Saturday I escaped with my friend Tracy from Margate to go and see the other Tracey from Margate,showing at the Hayward Gallery. The show has absolutely tons of work in it, too much to take in really. At some point she annoyed me immensely (the Tracey Emin that is, not my one), at others I think the work was let down by its positioning in the space, particularly the ground floor, but ultimately it was impossible not to be immensely moved and impressed at the journey her practice has taken. I have never been sold on the ‘neons’ but when dwarfed and disorientated in a huge, towering black room with a wall emblazoned floor-to-ceiling with Emins brutally honest words bearing down on you, the effect was powerful and unsettling in its honesty and rawness.

Ultimately the film of Tracy’s escape from Margate following the humiliation of the dance contest stands the test of time and is for me the most poignant moment of the show. Having spent 10 years in the area (my own Tracy grew up there) and sharing some of that time with Tracy Emins older brother, Alan, a friend at the time, every image brought us back there.

It was a day of big shows and big names as Tracy wanted to see the Saatchi gallery, it’s vast sterile rooms filled with massive, exuberant ( and predominantly male) statements, in ‘The Shape of things to come’. At the end of the day though having had (and lost) babies myself, Emins constant wrestling with the subject stirred up all sorts of emotions and I spent a restless sleep dreaming that I was holding someone else’s baby on my shoulder, crying to be fed and swinging its head round wildly looking for the source of food.
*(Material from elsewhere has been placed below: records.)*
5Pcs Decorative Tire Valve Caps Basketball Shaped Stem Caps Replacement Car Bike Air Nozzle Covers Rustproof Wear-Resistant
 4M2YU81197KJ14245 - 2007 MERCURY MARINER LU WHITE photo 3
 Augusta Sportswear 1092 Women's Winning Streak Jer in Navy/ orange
Strangely enough it wasn’t the many ghoulish and demonic figures in Saatchi’s monstrous sized sculptures but the intimate memories of motherhood that filled my head with nightmares.

Snatched moments spent cleaning up the studio for work in the summertime and a meeting with the curator to see what we can salvage from the plans for the Salisbury show make up the rest of the week but with family descending, sports day, three concerts and to end of term events to attend in school I’ve given up all chance of getting work done in the following week.